The fact that you're superuser or not has nothing to do with it, this is just memory management and the way it works. You *could* tap into other processes' address space from ring 0 (after all, the memory manager itself has to do it), say like from a device driver - either you code it by hand (read CR3, do the math to find the PTE, read from the PTE, etc) or use one of the ring 0 memory manager functions that will allow you to do such things. In either case you shouldn't need to go so deep for something as simple as IPC (inter process communication), just use shared memory - check out the MS SDK reference for the CreateFileMapping and MapViewOfFile APIs. Or, if you want to peek into the memory of a process that you didn't code yourself (and as such doesn't open your file mapped object), check out the ReadProcessMemory and WriteProcessMemory APIs.

Regarding shared memory, as you probably guessed by now, all it entails is simply having virtual addresses on different processes pointing to the same physical pages.
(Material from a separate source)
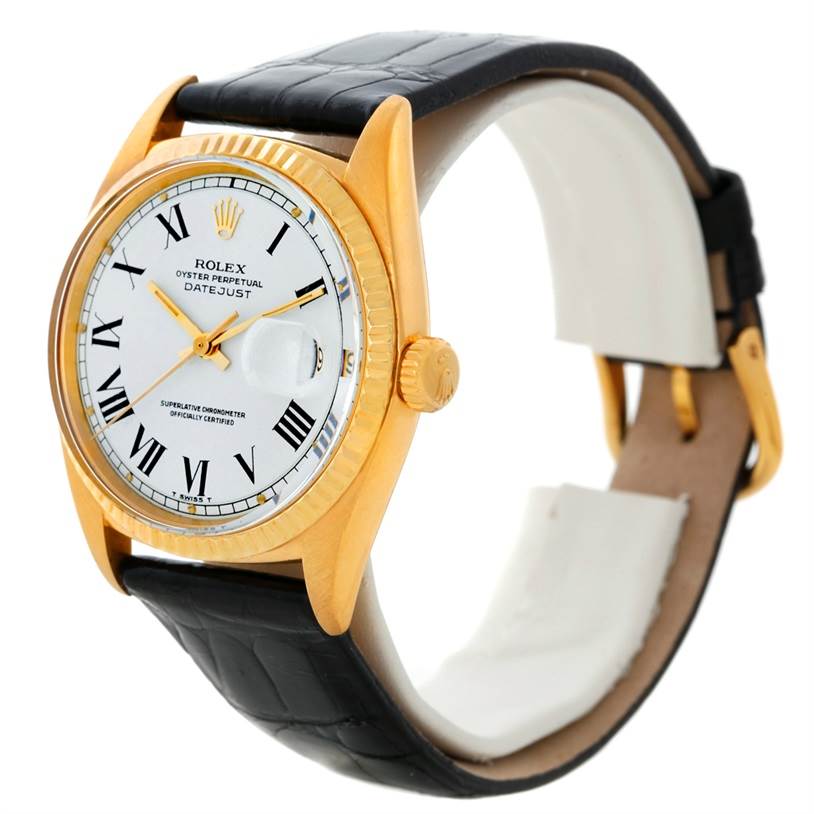 This image shows a Rolex President 1601 Men's Yellow Gold White Dial 1601 Men's Yellow Gold White Dial model watch from a side angle, revealing the face, bezel, crown, and black leather strap.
The virtual addresses for each process don't even have to be the same (as you can see in the MapViewOfFile documentation).

There are more interesting things to learn about such as the copy on write bit (not implemented in Win9x) and the much in vogue now execute permission - had st00pid Intel thought of actually implementing a verification of the execute permission bit, buffer overflows would simply not be an issue... The stack has no business being executable in the first place. A buffer overflow attempt would just cause an access violation when the CPU tried to execute code from a non-executable page (such as the stack or data). Of course permissions can be changed, for example by using VirtualProtect or VirtualProtectEx, but to do that the attacker would have to be able to execute code in the first place. Oh well, perhaps some day, at least AMD was smart enough to include it in their new CPU.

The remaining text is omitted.